I have approxiamtely 5.5 hours to go until the Funny Women Semi Finals and it's safe to say I'm officially nervous now. Not nervous that I might not go through to the finals - because due to the nature of my sneaking into the semis I'm ok with resting here and being amazed at how far I got. I'm also not nervous that I'll die on my arse because I think it'll be a friendly crowd and I've heard great things about performing at the Leicester Square theatre and I have lots of people coming to watch that I don't want to disappoint.
I'm nervous about my material. I've chosen to wear only felt and velvet and this choice of material is seriously making me doubt how well I will do. It was bad enough sweating on the tube this morning and worrying about the strange looks I was getting - why did I think this would be a good idea for a gig? I'm pleased I opted for the cape as I think a certain level of swishiness always adds good things to visual gag. And the hat, well, someone would say it's too much but I happen to think stuffed animals are cool so I'm going to go with my gut. The trouble is I have IBS and therefore going with my gut is often shit. Crude but honest. That's the way today is shaping up.
I'm also worried about my other material. I have a big dilemma. The difficulty is that this competition is called 'Funny Women' and there is a big hooha and to do every time anybody starts talking about gender difference in comedy. Personally, I think it's both twaddle and true which leaves me baffled as to what to do personally.
Performing my strongest material tonight will mean I need to end the set on a frank discussion of my sexual inadequacies and use the word clitoris. This will get good laughs as it's material I perform often and it got me into the semi finals. But there's a voice in my head asking whether I should be performing this kind of material at a competition where there are only women performing. It's my voice in my head so I'm fairly certain it's barmy (not least because I just tried to spell cerain surten...oh faithful red wiggly line). But, by talking about sex am I -
a) Confirming everyone's worst fears that all women can talk about is their shit boyfriends and periods?
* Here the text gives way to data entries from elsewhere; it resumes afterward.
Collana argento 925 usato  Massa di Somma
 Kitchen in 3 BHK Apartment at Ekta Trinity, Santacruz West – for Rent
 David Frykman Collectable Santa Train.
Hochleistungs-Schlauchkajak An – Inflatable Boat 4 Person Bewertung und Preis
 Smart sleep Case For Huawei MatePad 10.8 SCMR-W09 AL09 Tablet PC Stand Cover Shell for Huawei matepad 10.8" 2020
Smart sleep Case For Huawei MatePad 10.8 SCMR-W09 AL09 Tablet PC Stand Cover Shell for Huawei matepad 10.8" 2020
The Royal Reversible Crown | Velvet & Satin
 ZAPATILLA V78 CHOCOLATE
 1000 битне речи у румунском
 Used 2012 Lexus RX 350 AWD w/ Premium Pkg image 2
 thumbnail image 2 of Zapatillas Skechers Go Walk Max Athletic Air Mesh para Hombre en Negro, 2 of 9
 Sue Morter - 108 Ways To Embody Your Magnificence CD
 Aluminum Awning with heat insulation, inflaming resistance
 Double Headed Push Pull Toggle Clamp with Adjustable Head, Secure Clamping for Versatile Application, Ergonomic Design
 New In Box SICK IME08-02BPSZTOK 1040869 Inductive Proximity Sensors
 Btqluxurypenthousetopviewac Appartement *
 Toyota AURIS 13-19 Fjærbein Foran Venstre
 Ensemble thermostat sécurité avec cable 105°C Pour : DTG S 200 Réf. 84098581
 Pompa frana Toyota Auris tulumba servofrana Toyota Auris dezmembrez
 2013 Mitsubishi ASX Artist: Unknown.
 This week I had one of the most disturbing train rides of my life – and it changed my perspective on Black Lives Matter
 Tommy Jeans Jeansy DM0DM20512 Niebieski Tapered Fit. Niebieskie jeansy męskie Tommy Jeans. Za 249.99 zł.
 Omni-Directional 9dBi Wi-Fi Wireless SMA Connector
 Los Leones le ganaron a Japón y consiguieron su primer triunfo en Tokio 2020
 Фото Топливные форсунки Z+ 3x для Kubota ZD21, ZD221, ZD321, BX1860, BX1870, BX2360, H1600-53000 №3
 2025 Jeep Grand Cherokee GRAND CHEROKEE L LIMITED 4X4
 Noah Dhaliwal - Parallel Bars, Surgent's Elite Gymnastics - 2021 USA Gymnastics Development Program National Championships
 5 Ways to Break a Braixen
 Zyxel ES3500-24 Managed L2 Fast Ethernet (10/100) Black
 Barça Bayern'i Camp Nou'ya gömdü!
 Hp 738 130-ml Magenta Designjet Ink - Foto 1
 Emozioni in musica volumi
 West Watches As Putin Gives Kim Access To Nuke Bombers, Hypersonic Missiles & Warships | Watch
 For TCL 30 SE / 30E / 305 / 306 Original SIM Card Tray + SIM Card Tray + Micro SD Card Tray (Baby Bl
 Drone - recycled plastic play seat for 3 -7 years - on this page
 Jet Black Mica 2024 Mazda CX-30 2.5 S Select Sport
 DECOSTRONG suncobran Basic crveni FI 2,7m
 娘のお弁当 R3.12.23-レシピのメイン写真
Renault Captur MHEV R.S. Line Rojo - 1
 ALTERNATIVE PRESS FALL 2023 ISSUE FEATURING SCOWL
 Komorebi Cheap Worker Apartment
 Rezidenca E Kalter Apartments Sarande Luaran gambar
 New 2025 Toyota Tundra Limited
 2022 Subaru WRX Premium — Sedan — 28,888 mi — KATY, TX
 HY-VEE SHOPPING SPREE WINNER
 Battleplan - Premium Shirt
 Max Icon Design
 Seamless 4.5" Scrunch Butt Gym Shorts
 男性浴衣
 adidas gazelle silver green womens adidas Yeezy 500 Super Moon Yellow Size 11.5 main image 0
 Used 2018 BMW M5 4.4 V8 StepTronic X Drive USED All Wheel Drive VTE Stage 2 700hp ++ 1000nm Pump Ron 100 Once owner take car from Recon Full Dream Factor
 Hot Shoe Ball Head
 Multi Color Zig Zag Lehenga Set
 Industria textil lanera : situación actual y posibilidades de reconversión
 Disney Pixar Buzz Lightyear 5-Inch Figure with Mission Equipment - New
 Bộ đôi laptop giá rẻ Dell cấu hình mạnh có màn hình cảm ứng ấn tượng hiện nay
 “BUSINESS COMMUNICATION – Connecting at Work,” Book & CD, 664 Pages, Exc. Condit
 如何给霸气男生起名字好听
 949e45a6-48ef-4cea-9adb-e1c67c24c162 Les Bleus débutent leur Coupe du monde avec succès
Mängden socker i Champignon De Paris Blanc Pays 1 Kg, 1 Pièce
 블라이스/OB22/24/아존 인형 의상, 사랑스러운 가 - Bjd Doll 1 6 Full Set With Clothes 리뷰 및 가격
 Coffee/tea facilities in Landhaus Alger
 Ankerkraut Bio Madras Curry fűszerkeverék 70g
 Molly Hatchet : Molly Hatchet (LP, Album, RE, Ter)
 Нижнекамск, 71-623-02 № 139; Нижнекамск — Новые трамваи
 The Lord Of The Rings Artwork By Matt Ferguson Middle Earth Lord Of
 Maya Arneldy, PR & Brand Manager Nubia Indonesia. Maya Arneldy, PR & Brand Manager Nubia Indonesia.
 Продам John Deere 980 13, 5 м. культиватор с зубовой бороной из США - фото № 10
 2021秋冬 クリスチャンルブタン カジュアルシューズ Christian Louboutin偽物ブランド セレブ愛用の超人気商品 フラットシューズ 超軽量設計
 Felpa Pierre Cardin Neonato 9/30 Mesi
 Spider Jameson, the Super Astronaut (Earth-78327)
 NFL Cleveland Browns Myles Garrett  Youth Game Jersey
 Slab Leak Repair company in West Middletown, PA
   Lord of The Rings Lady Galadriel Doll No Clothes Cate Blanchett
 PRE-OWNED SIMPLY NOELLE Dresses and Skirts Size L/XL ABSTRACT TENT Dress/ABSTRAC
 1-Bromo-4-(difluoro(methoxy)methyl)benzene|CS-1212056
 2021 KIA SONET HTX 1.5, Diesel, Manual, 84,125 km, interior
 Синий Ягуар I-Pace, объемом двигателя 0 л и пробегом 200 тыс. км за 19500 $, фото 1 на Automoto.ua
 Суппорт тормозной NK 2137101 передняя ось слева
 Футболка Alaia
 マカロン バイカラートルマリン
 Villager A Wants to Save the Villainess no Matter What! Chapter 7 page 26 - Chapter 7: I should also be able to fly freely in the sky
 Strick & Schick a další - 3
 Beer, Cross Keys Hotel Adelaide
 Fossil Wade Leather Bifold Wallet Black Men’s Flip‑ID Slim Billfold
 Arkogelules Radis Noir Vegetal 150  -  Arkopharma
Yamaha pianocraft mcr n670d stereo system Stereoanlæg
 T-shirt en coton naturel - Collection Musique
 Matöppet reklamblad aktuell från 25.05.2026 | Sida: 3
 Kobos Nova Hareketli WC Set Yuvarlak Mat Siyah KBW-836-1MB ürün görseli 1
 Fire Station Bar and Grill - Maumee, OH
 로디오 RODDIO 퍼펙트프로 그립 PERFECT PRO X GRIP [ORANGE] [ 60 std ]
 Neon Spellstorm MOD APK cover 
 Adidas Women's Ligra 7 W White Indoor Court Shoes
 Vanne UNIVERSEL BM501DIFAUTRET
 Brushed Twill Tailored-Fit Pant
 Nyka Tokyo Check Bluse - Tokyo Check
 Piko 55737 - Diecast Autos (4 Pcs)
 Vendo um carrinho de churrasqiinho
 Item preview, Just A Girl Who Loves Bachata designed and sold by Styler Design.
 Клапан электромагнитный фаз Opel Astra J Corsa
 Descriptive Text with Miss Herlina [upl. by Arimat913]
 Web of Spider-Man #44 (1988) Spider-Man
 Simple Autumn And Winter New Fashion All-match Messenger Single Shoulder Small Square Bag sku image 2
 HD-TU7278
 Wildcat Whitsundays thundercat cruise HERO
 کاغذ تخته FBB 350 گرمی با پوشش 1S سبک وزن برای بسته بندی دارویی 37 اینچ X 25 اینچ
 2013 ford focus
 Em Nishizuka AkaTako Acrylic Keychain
b) Subverting the expectation by talking about it from a different angle?
c) Performing honest material that I wrote and like and have every right to perform but am worried about doing so because of the afore mentioned expectations and the stigma they hold?
My theory is that a single woman doing comedy can be, and often is, just as funny as a single man doing comedy. They can be just as unfunny too. The difficulty lies in the material choice. We are used to men doing comedy and being everywhere as we are still dealing with the remnants of a very male orientated society. There was a time when 'blue' comedy was difficult to accept and people struggled to find it funny, but we got there. But we only got there with 'male orientated' blue comedy I think. We are now ok with men talking about themselves and sexual subjects. We're not 100% there with women yet. It's still been done badly and for shock value too many times and there's not been enough exposure to get people to accept that there isn't 'comedy' and 'female comedy' there's just 'comedy' or, if you really want 'male comedy' and 'female comedy'.
My worry tonight is that I'll either be totally generic and not stand out despite it being good material. Or I'll try something newer and slightly off the wall and feck it up completely because I'm in a tizzy. Is it better to bow out doing strong but not exciting stuff or to be exciting and know the material isn't ready yet? It feels delightful to even be worrying about this because it shows I'm in this competition far sooner than I should really be anywhere and so I have many years to contemplate it. But all this lack of penis really does both complicate and improve (because I don't want a penis or any other dangly bits thank you) any attempts you might make at being a funny person.
So, my dilemma remains. Perhaps I'll just put a bucket on my head and sing them a song.